Output only these lines, set down exactly: the one containing "Woman wearing a" and each line after it through the end of the records.

#### MATERIAL PROVIDED ####

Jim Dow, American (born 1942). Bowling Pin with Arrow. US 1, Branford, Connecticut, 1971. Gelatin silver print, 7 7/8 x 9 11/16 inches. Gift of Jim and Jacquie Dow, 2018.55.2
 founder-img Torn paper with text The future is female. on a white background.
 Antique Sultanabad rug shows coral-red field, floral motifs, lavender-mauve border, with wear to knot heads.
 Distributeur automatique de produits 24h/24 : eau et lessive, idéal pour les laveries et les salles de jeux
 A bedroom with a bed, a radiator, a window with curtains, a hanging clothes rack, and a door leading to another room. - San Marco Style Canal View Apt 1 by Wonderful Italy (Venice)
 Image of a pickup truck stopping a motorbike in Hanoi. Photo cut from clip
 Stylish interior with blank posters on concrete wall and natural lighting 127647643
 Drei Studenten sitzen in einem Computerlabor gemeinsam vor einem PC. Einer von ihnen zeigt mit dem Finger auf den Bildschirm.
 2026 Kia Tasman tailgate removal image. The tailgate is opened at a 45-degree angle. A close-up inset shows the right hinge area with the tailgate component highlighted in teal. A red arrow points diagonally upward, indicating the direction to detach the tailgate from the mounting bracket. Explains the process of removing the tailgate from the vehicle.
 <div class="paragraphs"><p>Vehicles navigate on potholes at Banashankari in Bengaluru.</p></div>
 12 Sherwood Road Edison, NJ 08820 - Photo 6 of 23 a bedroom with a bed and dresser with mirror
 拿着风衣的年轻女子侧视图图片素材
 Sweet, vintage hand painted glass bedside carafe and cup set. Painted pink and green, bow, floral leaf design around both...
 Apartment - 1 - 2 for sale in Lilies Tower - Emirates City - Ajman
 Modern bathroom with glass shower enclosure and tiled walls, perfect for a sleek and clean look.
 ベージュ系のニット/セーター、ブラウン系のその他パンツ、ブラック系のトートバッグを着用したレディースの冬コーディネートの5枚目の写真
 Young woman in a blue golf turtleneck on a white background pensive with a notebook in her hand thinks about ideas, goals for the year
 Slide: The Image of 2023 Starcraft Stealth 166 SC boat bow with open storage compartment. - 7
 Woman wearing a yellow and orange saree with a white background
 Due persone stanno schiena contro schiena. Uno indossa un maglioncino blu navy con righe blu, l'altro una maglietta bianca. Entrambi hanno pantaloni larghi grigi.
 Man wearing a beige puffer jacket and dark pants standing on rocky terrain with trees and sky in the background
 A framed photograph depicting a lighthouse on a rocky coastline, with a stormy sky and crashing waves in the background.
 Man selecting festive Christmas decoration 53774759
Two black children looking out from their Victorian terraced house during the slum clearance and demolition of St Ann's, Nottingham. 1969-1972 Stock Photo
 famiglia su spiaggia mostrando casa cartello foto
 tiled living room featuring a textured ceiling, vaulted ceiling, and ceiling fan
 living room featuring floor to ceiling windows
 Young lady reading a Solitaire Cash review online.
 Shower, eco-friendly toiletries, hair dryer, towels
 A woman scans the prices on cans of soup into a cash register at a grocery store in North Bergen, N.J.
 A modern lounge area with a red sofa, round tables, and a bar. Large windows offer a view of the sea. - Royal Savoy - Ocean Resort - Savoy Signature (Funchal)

####

**EXERCISE SOLUTION:**
 Woman wearing a yellow and orange saree with a white background
 Due persone stanno schiena contro schiena. Uno indossa un maglioncino blu navy con righe blu, l'altro una maglietta bianca. Entrambi hanno pantaloni larghi grigi.
 Man wearing a beige puffer jacket and dark pants standing on rocky terrain with trees and sky in the background
 A framed photograph depicting a lighthouse on a rocky coastline, with a stormy sky and crashing waves in the background.
 Man selecting festive Christmas decoration 53774759
Two black children looking out from their Victorian terraced house during the slum clearance and demolition of St Ann's, Nottingham. 1969-1972 Stock Photo
 famiglia su spiaggia mostrando casa cartello foto
 tiled living room featuring a textured ceiling, vaulted ceiling, and ceiling fan
 living room featuring floor to ceiling windows
 Young lady reading a Solitaire Cash review online.
 Shower, eco-friendly toiletries, hair dryer, towels
 A woman scans the prices on cans of soup into a cash register at a grocery store in North Bergen, N.J.
 A modern lounge area with a red sofa, round tables, and a bar. Large windows offer a view of the sea. - Royal Savoy - Ocean Resort - Savoy Signature (Funchal)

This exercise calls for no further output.